The advertising firm of Doyle Dane Bernbach was responsible for one of Volkswagen of America’s most memorable advertising campaigns. Starting in the late 1950s and continuing at least through the mid-1970s, they were very unique and clever, so much so that VW has brought this advertising style back several times. I re-discovered the following ads while going through vintage ads I collected from a bunch of Time magazines twenty years ago. Enjoy!
Naturally, most of the early ads were for the ubiquitous Beetle, but as new models were added, they were given the same treatment.
By 1971, you could get your Volkswagen in small, medium and large. Personally, I would have gone with the Squareback.
Also in 1971, Volkswagen attempted to move more upmarket with the 411. It was available in a four-door sedan and two-door wagon, and was the last rear-engined Volkswagen model.
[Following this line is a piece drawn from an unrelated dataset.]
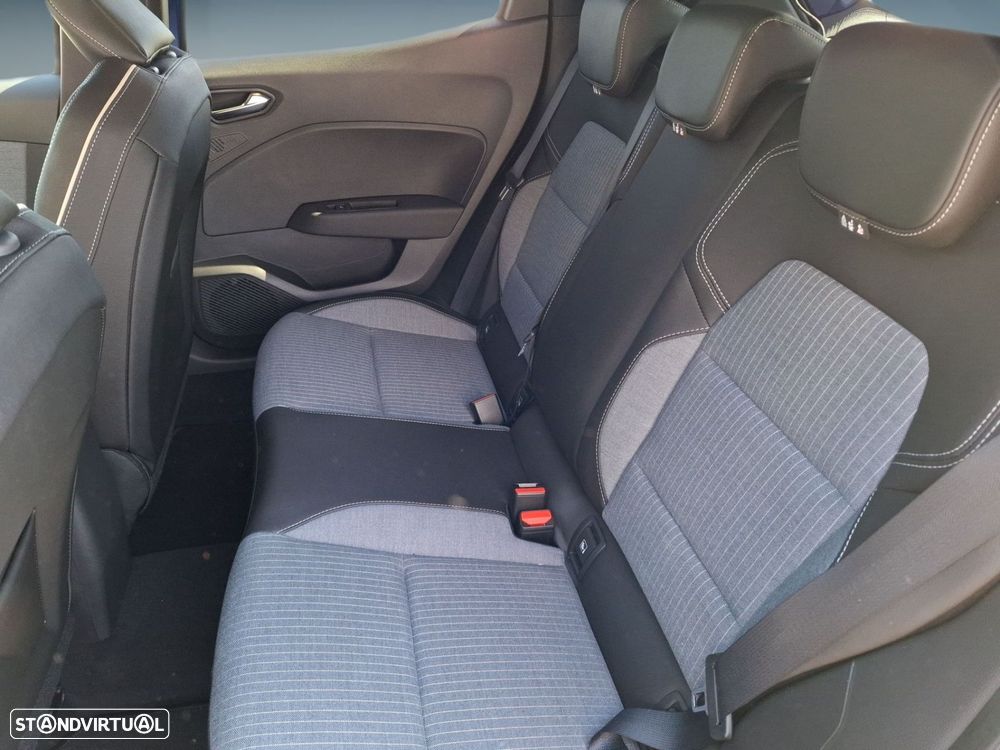 Renault Clio 1.0 TCe Techno Bi-Fuel - 14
Bigger and more plush than the Type 3 Fastback and Squareback, it was hoped that people used to a larger car would be interested. They weren’t and the 411 and subsequent 412 were also-rans. They would be gone after 1974.
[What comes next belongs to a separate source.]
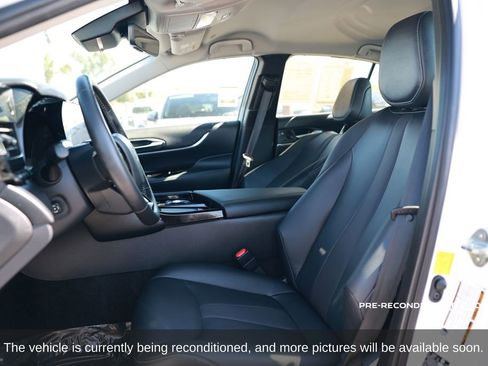 Used 2024 Toyota Mirai w/ Advanced Technology Package image 17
By the early Seventies, the Type 3 was showing its age a bit, but was still much more modern than the Beetle. As was mentioned in the VW Notchback post, the Type 3 was available in a two-door sedan, two-door fastback and two-door wagon (Squareback), but the Notchback was not officially imported to the United States.
Although the Type 3 was intended to replace the Beetle, that didn’t happen, and they were discontinued after the 1973 model year. Ironically, the Beetle outlasted the Type 3 by about thirty years, when the last Mexican Beetle was produced.
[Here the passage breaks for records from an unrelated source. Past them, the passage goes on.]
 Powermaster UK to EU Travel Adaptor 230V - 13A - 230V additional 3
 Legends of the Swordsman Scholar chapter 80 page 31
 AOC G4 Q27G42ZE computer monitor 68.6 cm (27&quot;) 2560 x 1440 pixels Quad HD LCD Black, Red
The clever advertising couldn’t help the fact that by the early ’70s the Beetle was getting long in the tooth. New, efficient cars from Japan like the Datsun 510 and Toyota Corolla and Corona were making the Beetle look awfully dated.
The Beetle was still available, and would remain so through 1977 for the sedan and 1979 for the cabriolet. But Volkswagen knew they had to come up with some new products, and they did, with the Golf/Rabbit and Scirocco.
Along with the forward-mounted, water-cooled engine and front wheel drive came a new direction in advertising. I am not sure if these were still done by Doyle Dane Bernbach or another firm, but they did not resemble the previous ads at all. However, the new Rabbits and Sciroccos were a great success and pulled VW’s bacon out of the fire.
The ‘classic’ style ads remained for some models, though, as this one for the ’76 Transporter shown below proves. The VW may have been the practical choice, as long as you didn’t have to pull a boat.
Volkswagen started the ’70s with an air-cooled, rear engined lineup and closed out the decade with a water-cooled, front engined lineup (save the Transporter and the Beetle cabriolet, in its last year). As the times changed, so did the advertising. All things change eventually, but no one can dispute that DDB created some classic advertising.